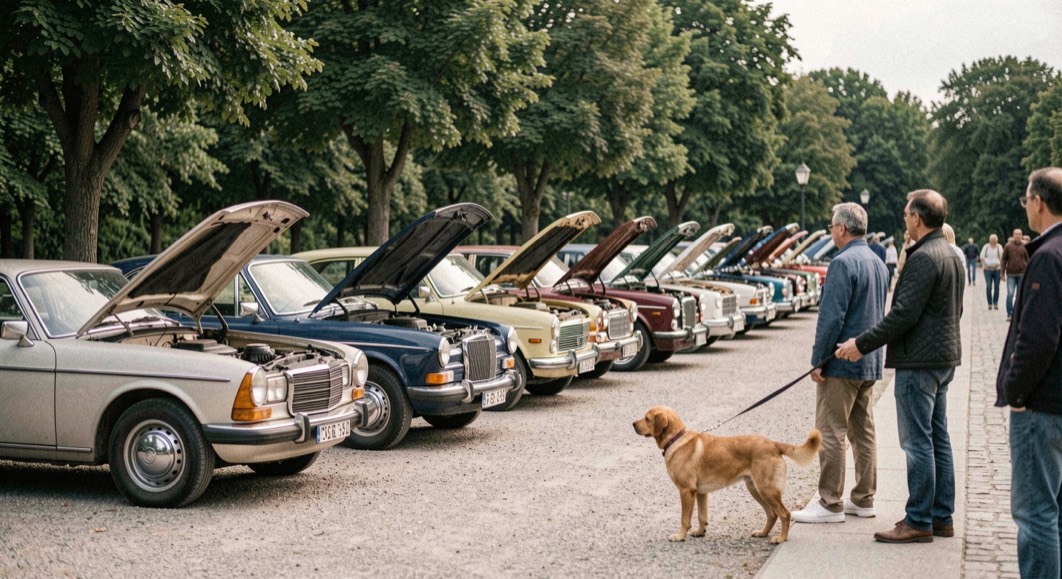 Une rangée de voitures anciennes capots ouverts sur une esplanade arborée, des visiteurs tenant un chien en laisse au premier plan.
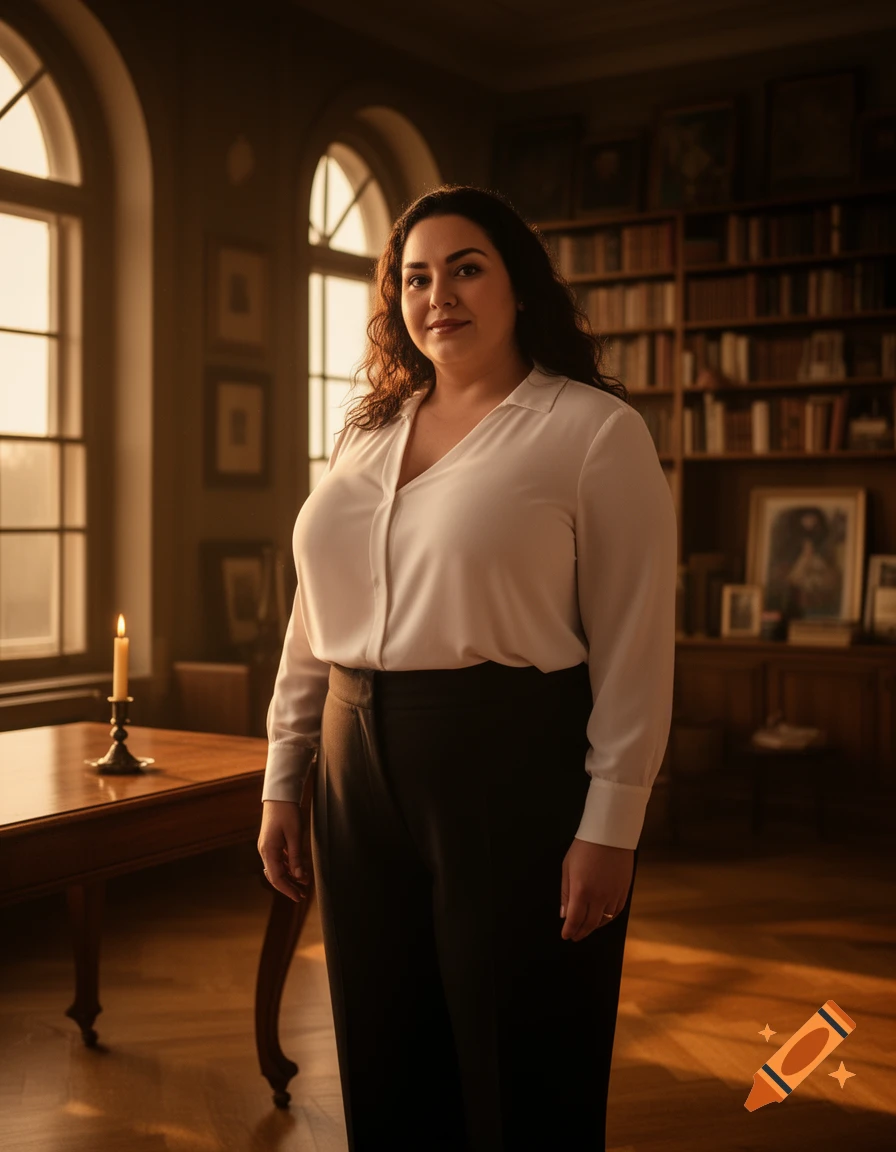 A photorealistic full-shot portrait of a woman in a white blouse and black pants standing in a warm-lit room with large windows and a bookshelf.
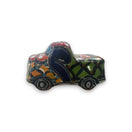 Hand-painted Talavera Truck Figurine | Mexican Artisanal Whimsy (Small) - colorful hand-painted Talavera ceramic truck figurine from Guanajuato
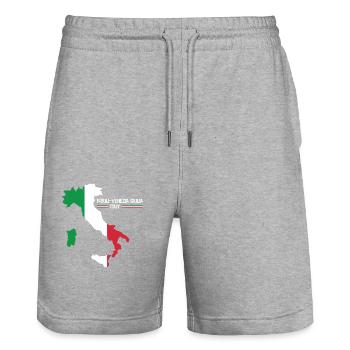 Friuli Venezia Italy Landkarte Region Italien - Stanley/Stella Unisex Bio Joggingshorts Trainer  - Grau meliert - Vorne - Nik (191cm) & Marisol (170cm)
══════
What you are asked to do = The result is an exact copy of the lines from the one holding "A photorealistic full-shot" through the final line of the data above, both ends included, minus the pictures.

Task response =
 A photorealistic full-shot portrait of a woman in a white blouse and black pants standing in a warm-lit room with large windows and a bookshelf.
 Hand-painted Talavera Truck Figurine | Mexican Artisanal Whimsy (Small) - colorful hand-painted Talavera ceramic truck figurine from Guanajuato
 Friuli Venezia Italy Landkarte Region Italien - Stanley/Stella Unisex Bio Joggingshorts Trainer  - Grau meliert - Vorne - Nik (191cm) & Marisol (170cm)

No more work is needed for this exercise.